### TASK DESCRIPTION:
Take the records below from their first line through the line holding "Laerte Gomes dá", and set each of those lines down exactly, without pictures.

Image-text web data
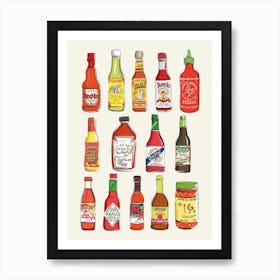 Hot Sauce Kitchen Kitchen Art Print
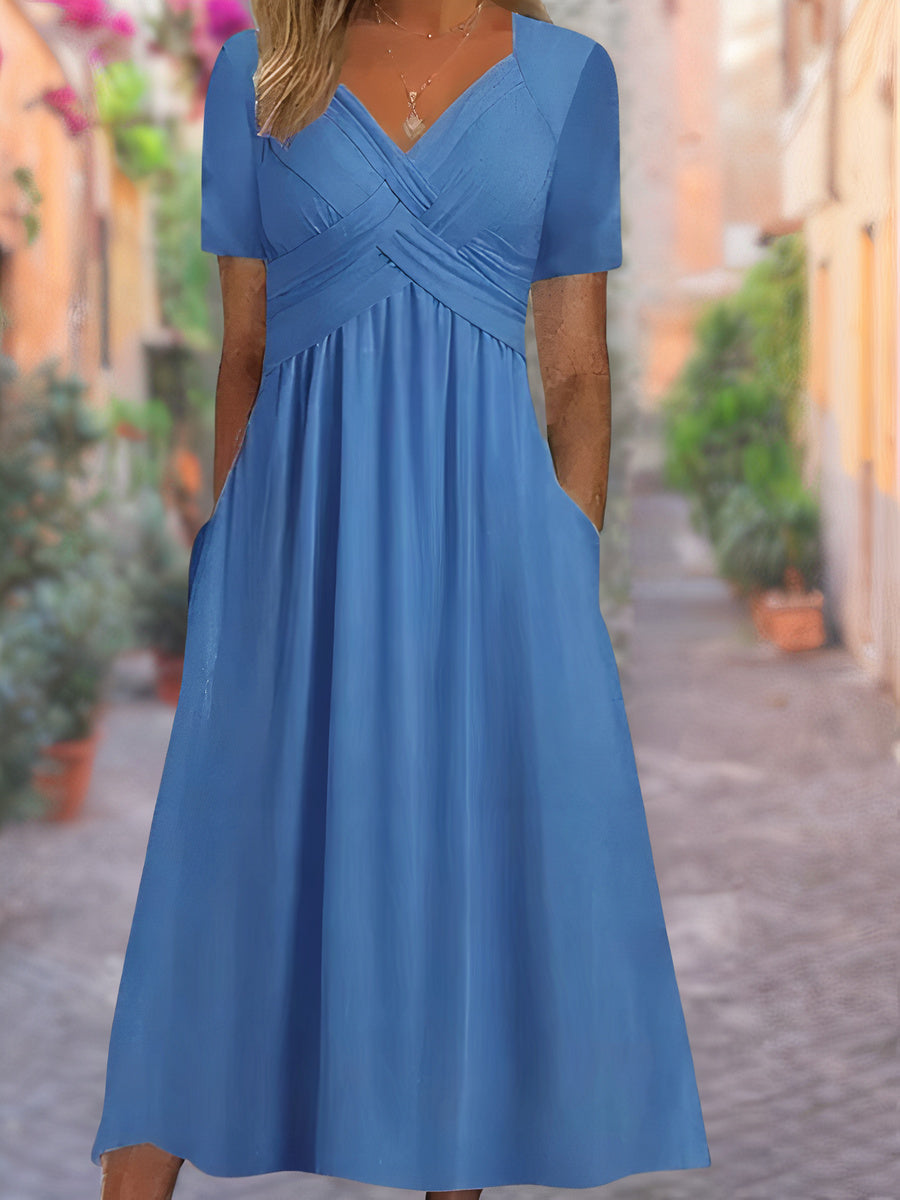 Noventis | Wrap-Style Midi Dress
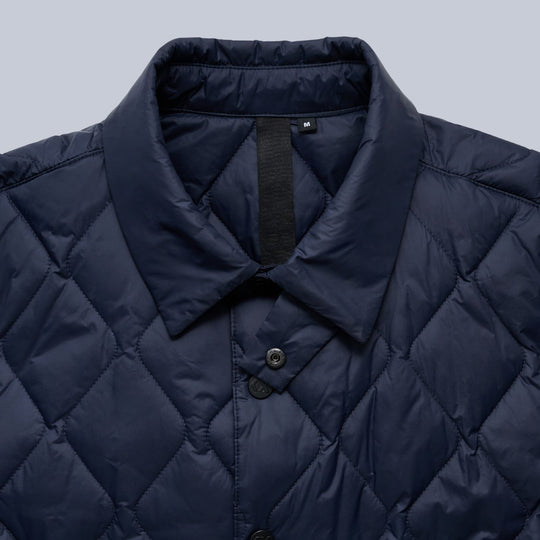 Navy Technical Padded Overshirt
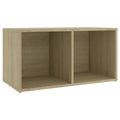 Meuble TV Effet Chêne Clair - 72 cm-Mon Meuble TV-36.5 cm-72 cm-1-2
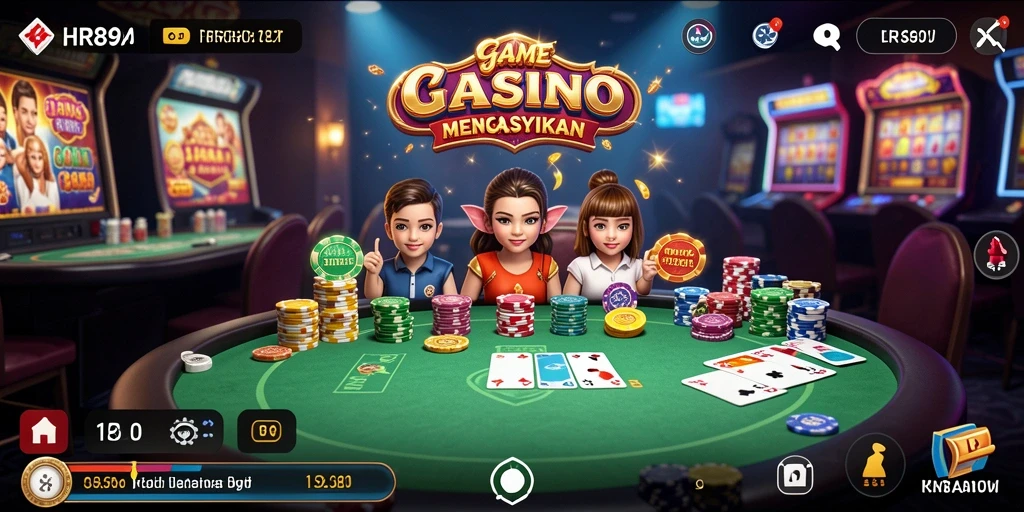 Tampilan gameplay HR89 yang menarik dengan berbagai pilihan permainan Kasino.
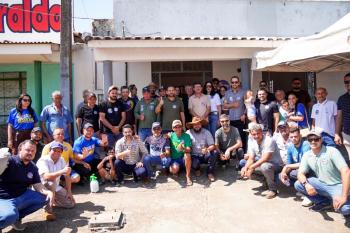 Laerte Gomes dá largada à campanha em Alvorada do Oeste com adesivaço e mobilização de apoiadores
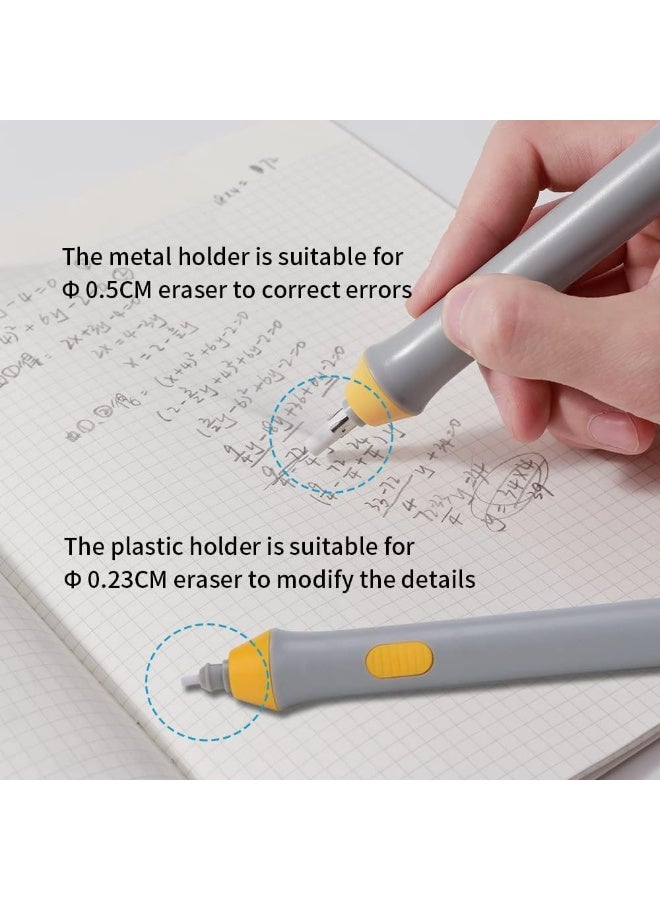 tenwin Electric Eraser Kit Automatic Pencil Eraser Battery Operated with 20 Eraser Refills Detailer Tool for Artists Sketching Pencils/Drafting Pencil/Graphite(Assorted colors) - Image 4
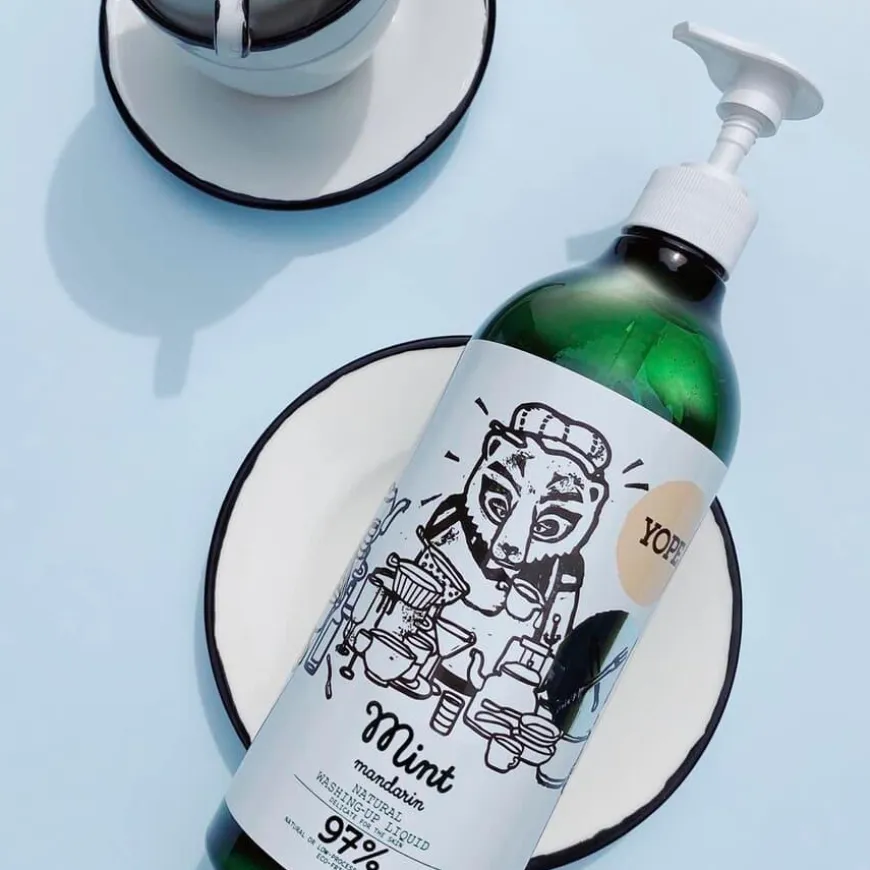 Natural Washing-Up Liquid Mint And Mandarin 750ml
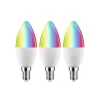 Paulmann LED-kerte E14 5W 470lm ZigBee RGBW 3 stk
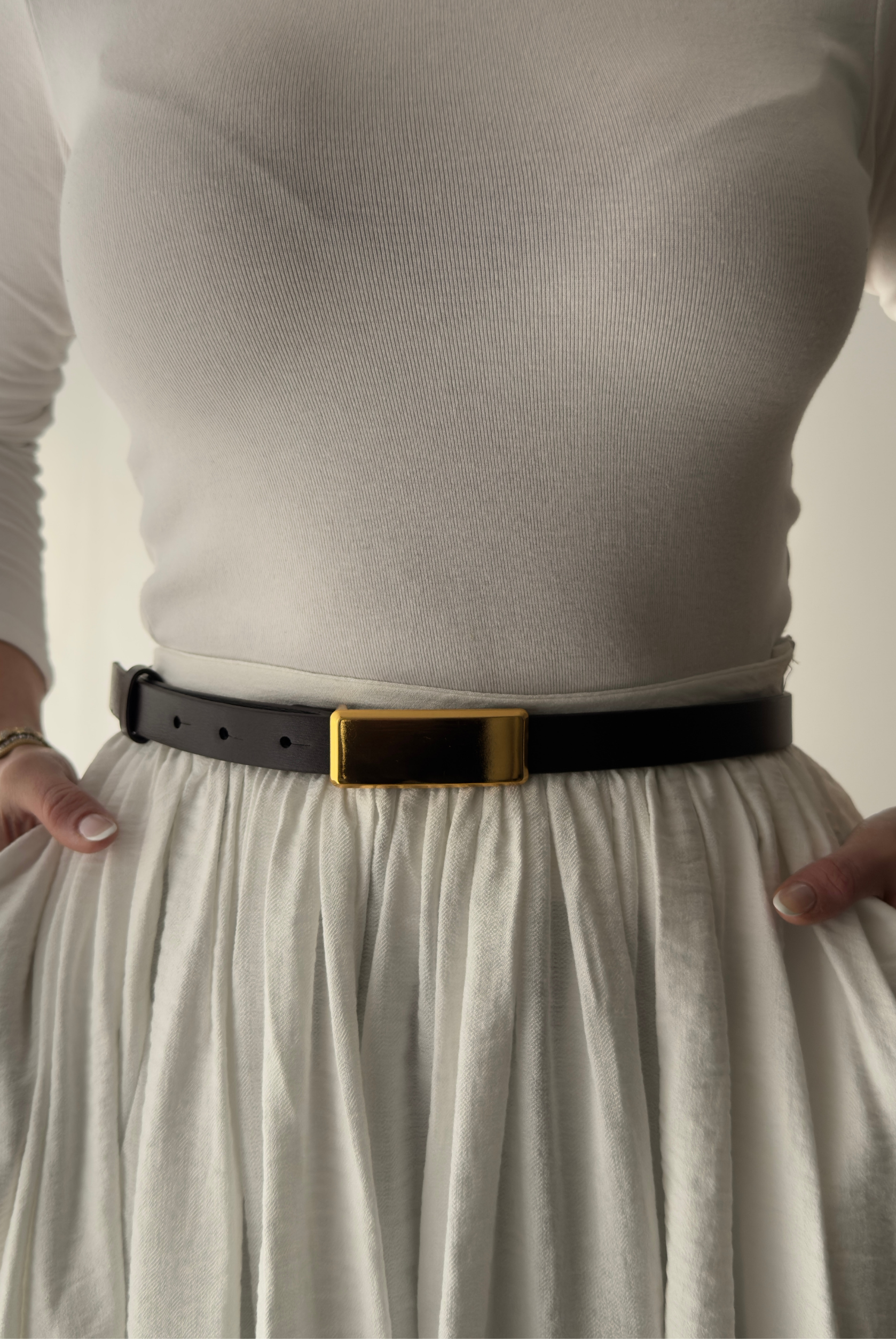 Kadın Kemer Gold Tokalı ACI KAHVE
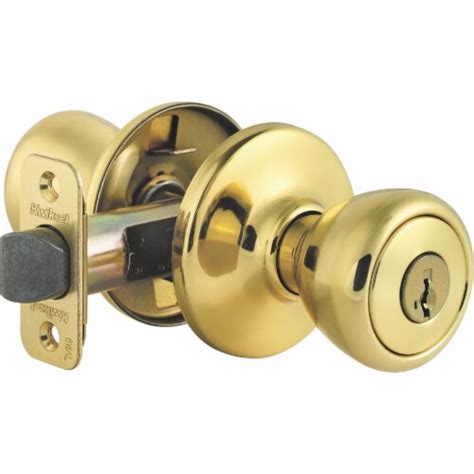 Kwikset Tylo Polished Brass Entry Door Knob 400t 3 Smt 6al Rcs V1 1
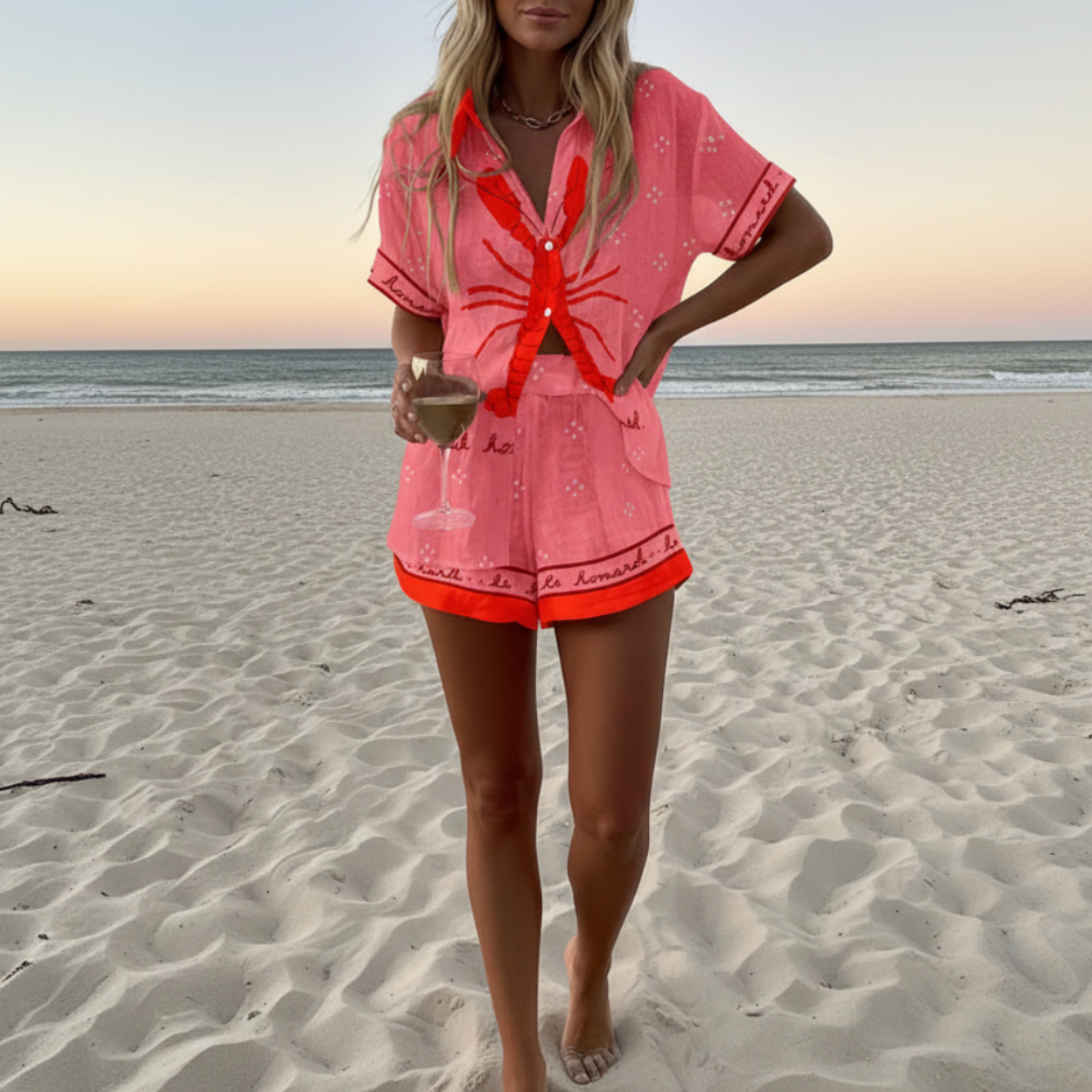 Zahara | Women’s Summer Beach Two-Piece Cover-Up Set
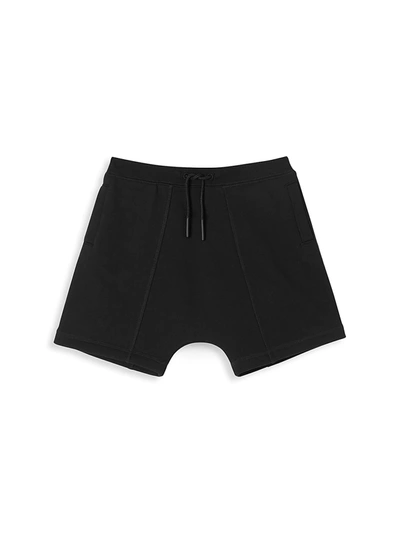 Shop Burberry Little Boy's & Boy's Kb4 Lucian Tape Shorts In Black
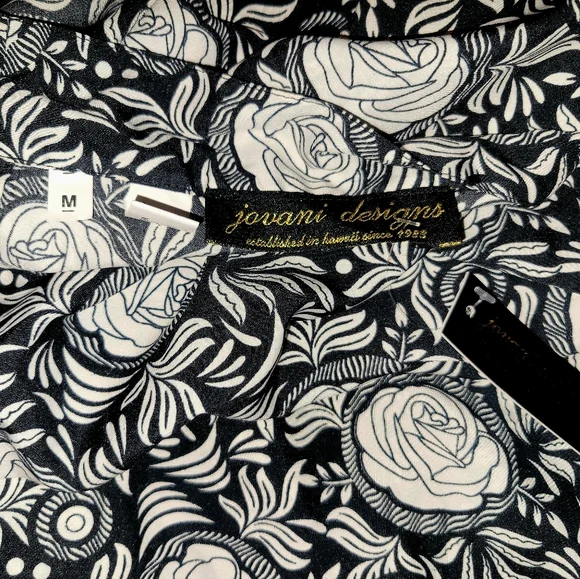 NWT Jovani Designs Hawaii wrap dress cover up - Picture 5 of 7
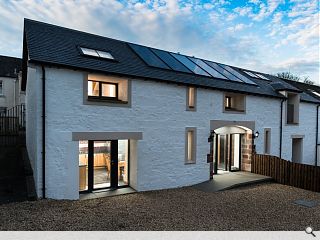 Draughty barn transformed into one of Scotland’s greenest homes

### WRITTEN ANSWER:
 Hot Sauce Kitchen Kitchen Art Print
 Noventis | Wrap-Style Midi Dress
 Navy Technical Padded Overshirt
 Meuble TV Effet Chêne Clair - 72 cm-Mon Meuble TV-36.5 cm-72 cm-1-2
 Tampilan gameplay HR89 yang menarik dengan berbagai pilihan permainan Kasino.
 Laerte Gomes dá largada à campanha em Alvorada do Oeste com adesivaço e mobilização de apoiadores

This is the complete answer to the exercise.